Kutuk Kejahatan Seksual terhadap Anak, HNW: Pelaku Harus Dihukum Berat
Jakarta (SI Online) – Wakil Ketua MPR RI Hidayat Nur Wahid (HNW) mengutuk dan menyesalkan masih terus terjadinya kejahatan seksual terhadap anak di berbagai lembaga Pendidikan di sejumlah daerah di Indonesia.
Hidayat mendesak agar aparat penegak hukum untuk mengedepankan perspektif korban, dengan melindungi korban, dan dengan menghukum dengan sanksi terberat kepada para predator kejahatan seksual terhadap anak-anak.

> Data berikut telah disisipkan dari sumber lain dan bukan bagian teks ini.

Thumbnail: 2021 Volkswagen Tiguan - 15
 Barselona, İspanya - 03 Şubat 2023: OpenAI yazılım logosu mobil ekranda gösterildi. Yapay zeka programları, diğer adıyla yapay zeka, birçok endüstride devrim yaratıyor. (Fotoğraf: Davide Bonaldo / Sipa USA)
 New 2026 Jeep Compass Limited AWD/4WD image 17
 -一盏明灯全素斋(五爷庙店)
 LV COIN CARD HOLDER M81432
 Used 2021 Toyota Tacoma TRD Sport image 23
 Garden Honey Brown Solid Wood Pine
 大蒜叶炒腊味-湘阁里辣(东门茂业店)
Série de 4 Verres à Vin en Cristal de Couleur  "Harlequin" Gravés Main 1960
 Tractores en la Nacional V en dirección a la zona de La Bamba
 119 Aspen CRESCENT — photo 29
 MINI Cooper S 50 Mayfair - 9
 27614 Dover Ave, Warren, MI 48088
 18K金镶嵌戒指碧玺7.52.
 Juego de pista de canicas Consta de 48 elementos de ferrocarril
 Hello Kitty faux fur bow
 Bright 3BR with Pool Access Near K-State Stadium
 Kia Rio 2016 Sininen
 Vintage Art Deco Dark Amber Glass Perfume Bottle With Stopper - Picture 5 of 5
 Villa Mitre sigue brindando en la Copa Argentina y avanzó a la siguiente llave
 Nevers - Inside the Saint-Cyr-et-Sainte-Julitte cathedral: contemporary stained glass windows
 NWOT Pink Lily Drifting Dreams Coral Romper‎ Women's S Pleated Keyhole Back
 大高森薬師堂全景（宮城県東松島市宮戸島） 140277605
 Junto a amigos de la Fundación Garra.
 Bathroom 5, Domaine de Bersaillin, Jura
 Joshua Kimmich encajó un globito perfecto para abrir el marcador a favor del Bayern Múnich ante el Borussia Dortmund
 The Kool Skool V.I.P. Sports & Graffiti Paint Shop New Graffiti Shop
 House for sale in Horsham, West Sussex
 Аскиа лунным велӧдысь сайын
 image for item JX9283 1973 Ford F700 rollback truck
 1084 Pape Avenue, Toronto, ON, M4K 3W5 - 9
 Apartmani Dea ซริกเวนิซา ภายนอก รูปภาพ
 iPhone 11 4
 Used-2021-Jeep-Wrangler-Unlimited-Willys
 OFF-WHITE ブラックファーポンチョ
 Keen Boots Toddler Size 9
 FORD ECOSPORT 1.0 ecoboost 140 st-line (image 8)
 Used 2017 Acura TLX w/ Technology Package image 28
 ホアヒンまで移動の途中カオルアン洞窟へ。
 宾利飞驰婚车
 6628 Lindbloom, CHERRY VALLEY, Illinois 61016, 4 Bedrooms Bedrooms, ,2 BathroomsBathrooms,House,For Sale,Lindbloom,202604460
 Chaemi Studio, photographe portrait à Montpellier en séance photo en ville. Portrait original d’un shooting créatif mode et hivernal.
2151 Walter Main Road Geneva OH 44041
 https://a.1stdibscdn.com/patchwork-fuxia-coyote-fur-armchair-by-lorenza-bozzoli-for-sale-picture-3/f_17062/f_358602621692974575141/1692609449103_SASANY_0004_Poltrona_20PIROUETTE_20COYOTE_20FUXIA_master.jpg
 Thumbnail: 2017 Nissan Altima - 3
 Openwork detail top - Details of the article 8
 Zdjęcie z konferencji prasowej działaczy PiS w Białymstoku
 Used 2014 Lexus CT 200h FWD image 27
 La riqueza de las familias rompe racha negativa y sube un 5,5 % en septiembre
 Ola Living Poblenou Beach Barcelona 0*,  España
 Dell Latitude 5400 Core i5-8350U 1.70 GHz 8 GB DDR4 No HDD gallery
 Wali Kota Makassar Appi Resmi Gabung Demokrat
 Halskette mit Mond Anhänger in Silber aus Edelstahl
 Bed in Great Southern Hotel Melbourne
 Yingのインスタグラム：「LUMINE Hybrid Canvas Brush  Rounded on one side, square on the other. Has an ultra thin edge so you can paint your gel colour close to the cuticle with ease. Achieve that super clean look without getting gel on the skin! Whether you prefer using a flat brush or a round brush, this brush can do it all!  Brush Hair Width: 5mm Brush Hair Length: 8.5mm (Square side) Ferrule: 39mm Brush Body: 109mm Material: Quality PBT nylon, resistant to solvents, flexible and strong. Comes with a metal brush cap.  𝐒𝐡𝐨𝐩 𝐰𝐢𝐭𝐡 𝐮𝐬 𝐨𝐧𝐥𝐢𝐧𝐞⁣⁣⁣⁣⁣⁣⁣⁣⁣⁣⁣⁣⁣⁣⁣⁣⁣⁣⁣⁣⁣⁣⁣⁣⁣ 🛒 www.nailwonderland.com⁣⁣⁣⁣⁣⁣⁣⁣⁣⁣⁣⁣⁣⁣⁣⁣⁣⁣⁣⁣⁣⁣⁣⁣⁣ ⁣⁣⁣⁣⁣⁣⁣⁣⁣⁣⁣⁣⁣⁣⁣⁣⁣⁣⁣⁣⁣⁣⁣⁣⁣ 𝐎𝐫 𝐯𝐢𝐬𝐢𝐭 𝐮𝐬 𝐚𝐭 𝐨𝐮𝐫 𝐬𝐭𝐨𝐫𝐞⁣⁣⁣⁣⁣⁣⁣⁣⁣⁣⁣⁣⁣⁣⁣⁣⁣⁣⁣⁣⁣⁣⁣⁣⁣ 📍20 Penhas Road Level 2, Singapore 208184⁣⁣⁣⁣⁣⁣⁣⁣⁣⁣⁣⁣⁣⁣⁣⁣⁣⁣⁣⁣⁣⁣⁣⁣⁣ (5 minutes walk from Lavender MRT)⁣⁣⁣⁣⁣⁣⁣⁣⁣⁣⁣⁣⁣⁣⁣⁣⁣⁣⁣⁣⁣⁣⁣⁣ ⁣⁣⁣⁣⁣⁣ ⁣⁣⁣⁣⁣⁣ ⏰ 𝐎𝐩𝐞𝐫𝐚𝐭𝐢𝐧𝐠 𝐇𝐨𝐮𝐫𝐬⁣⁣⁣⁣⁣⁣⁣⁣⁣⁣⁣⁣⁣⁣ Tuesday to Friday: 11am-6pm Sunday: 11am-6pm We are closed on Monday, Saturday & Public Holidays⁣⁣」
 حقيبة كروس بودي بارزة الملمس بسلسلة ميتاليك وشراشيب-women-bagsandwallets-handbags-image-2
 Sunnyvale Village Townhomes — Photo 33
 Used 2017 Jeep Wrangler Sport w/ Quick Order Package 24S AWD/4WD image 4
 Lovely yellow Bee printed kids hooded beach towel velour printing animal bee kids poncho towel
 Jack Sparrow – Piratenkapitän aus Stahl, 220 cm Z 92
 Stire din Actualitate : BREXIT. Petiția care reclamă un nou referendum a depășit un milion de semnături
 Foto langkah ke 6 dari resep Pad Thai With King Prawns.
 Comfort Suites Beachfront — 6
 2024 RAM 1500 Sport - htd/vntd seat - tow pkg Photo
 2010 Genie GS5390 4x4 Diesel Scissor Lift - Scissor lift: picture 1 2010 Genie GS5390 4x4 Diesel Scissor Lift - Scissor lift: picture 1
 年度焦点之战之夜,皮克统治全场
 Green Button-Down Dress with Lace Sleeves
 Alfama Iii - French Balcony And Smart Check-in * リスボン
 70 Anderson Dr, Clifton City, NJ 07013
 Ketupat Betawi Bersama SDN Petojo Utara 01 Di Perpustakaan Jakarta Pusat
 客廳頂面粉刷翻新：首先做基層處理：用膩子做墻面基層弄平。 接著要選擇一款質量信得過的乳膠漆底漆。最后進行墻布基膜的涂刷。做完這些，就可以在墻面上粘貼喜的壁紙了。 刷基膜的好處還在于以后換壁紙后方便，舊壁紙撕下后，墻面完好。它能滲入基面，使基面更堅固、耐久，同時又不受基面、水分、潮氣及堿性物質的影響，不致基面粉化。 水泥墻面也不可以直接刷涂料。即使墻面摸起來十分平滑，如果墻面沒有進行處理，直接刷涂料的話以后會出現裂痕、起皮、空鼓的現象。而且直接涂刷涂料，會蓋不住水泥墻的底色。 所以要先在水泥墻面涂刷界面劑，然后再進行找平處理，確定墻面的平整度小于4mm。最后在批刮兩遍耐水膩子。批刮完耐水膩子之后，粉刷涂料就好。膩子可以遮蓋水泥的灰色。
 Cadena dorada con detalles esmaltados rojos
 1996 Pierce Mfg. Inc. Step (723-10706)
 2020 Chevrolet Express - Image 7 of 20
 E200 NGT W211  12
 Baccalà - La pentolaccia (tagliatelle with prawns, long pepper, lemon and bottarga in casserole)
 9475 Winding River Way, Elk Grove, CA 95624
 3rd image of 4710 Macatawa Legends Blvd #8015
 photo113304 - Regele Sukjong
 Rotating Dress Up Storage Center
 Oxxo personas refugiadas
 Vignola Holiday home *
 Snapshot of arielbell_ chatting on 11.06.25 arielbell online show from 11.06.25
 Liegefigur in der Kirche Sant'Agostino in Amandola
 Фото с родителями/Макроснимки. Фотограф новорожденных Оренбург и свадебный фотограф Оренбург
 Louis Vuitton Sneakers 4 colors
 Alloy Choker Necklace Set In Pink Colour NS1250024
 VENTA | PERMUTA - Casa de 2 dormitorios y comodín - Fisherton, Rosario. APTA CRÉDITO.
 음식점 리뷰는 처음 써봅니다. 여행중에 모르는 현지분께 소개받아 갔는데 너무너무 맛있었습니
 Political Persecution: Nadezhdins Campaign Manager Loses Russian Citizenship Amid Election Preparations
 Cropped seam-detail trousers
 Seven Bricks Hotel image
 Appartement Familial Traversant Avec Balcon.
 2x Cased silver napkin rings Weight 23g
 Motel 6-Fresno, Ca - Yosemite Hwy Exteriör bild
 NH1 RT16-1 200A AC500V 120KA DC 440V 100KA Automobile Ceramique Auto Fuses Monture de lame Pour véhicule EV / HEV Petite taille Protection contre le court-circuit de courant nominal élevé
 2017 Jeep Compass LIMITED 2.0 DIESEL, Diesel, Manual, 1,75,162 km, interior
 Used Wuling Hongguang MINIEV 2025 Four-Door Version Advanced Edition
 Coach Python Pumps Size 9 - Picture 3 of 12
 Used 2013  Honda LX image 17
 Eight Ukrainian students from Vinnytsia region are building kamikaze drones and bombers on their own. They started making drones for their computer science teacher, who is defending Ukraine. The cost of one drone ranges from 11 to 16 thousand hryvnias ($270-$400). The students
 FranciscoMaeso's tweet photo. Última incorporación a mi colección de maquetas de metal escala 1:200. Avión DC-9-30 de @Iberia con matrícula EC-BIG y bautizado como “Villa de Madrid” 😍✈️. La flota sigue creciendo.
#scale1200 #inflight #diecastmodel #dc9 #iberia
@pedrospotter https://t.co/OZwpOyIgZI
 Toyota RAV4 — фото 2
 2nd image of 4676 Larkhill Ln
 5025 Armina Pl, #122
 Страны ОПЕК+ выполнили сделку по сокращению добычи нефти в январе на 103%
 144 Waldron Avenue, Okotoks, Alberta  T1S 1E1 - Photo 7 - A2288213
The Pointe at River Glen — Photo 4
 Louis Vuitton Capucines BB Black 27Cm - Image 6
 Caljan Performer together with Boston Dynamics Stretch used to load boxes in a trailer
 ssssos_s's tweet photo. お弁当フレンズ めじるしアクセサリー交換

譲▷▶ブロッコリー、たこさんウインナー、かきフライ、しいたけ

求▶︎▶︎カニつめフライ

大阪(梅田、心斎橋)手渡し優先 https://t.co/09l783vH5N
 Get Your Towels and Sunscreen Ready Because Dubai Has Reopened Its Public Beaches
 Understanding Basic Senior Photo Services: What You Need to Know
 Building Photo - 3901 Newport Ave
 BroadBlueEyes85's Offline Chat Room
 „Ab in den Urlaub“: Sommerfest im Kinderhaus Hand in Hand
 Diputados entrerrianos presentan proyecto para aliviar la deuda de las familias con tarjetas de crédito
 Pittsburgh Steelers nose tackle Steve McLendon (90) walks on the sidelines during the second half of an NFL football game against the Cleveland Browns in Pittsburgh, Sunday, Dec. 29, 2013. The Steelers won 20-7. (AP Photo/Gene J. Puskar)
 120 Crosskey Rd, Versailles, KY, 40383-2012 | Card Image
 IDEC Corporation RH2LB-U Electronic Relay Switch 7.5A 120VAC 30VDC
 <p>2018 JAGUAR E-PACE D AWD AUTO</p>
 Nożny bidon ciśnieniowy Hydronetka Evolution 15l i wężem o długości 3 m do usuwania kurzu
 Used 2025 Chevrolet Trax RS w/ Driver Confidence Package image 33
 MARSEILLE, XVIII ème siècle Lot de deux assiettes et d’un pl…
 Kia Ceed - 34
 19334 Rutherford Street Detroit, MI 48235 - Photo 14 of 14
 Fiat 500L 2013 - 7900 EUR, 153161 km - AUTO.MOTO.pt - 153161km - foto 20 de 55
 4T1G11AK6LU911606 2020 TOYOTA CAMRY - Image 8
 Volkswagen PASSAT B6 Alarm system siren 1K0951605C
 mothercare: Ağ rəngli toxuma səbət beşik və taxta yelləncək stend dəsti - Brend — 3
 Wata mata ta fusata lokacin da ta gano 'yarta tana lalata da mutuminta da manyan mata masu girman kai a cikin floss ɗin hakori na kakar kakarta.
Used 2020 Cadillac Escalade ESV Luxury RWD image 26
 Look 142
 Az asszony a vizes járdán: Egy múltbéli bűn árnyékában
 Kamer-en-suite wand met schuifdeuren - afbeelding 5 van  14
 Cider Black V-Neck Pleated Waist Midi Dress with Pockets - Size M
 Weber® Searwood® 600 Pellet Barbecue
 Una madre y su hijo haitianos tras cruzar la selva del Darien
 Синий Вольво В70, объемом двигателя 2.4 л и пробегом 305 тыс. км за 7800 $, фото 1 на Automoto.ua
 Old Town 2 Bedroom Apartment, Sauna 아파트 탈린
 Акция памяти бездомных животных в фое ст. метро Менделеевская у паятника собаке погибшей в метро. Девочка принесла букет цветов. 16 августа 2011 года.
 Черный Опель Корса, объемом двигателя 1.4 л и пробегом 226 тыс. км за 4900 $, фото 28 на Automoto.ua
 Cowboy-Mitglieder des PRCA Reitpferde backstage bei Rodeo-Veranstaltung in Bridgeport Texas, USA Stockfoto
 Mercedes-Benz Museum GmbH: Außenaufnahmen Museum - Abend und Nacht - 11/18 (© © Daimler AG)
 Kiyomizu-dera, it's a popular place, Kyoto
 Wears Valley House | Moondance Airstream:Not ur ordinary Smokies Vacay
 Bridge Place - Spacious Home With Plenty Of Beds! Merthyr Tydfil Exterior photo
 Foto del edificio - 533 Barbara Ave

“Saya mendukung agar Pasal 81 ayat (1) jo Pasal 76 huruf d UU Perlindungan yang mencantumkan hukuman mati bagi kejahatan seksual terhadap anak dapat segera diterapkan, atau hukuman seumur hidup atau 20 tahun dengan pemberatan, agar memberikan rasa terlindungi untuk para korban/anak-anak, dan membuat efek jera, sehingga pihak lain tidak melakukan kejahatan hal yang sama,” kata HNW melalui pernyataan tertulis kepada Suara Islam Online, Selasa (4/1/2022).
HNW mengutuk kejahatan seksual kembali terjadi di lingkungan pendidikan baik di sekolah umum seperti di Medan, maupun pondok pesantren seperti di Ogan Komering Ulu (OKU), Provinsi Sumatera Selatan.
”Seharusnya aparat penegak hukum menjatuhkan hukuman terberat, dan perlindungan terbaik bagi anak didik dan para korban. Tapi semuanya harus dilakukan sesuai aturan hukum, dan memenuhi prinsip keadilan hukum,” tuturnya.
Meski begitu, HNW juga berharap bahwa darurat kejahatan seksual terhadap anak yang sudah menjadi momok bagi anak-anak dan orangtua di Indonesia, tidak dijadikan framing negatif dan generalisasi terhadap institusi pendidikan tertentu seperti Pesantren.
“Karena masalah ini juga terjadi di berbagai lembaga pendidikan di Indonesia, baik yang pendidikan umum, maupun lembaga pendidikan agama non Islam,” ujarnya.
Anggota Komisi VIII DPR itu memaparkan berdasarkan data dari KPAI, anak-anak yang menjadi korban terbanyak kejahatan seksual adalah anak-anak dari usia sekolah dasar (sekolah umum), bukan pondok pesantren.
“Selain itu, di beberapa kasus juga terjadi di sekolah agama lain non-Islam, seperti di Medan yang dilakukan pendeta sekaligus kepala sekolah,” ujarnya.
Lebih lanjut, HNW mengutip laporan KPAI yang mencatat bahwa 88% pelaku kejahatan seksual terhadap anak adalah guru, dengan 40% pelaku adalah guru olahraga, 13% guru agama, dan sisanya adalah guru kesenian, guru komputer, guru IPS, guru bahasa Indonesia dan lainnya.